[DATA SECTION]

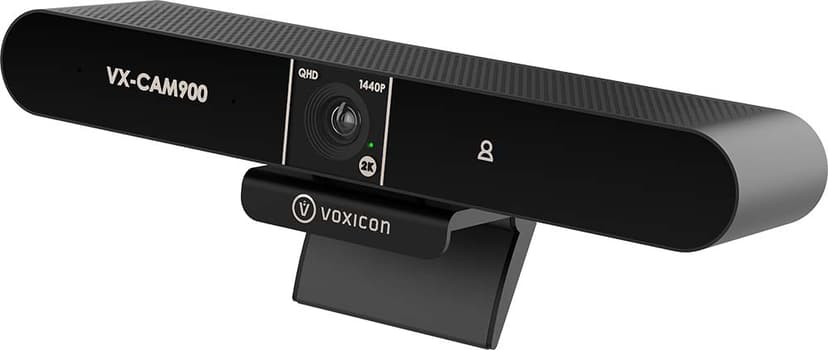 Voxicon VX-CAM900 USB Conference Camera 1440P USB 2.0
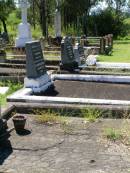 Gleneagle Catholic cemetery, Beaudesert Shire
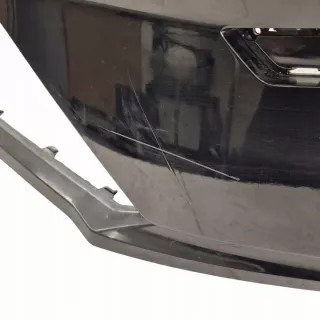 32234928 Бампер передний Volvo XC60 2 Арт e12623503, вид 3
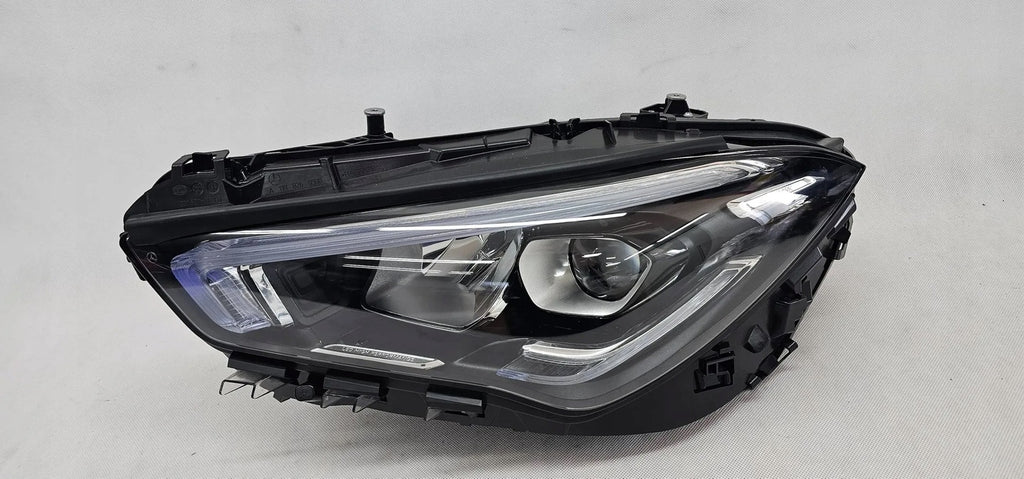 Frontscheinwerfer Mercedes-Benz Cla A1189062500 Full LED Links Headlight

[/DATA SECTION]

Return the lines from the one that contains "32234928 Бампер передний" through the final line of the listing above, inclusive. Transcribe them exactly and drop the pictures.

- RESPONSE BELOW:
 32234928 Бампер передний Volvo XC60 2 Арт e12623503, вид 3
 Frontscheinwerfer Mercedes-Benz Cla A1189062500 Full LED Links Headlight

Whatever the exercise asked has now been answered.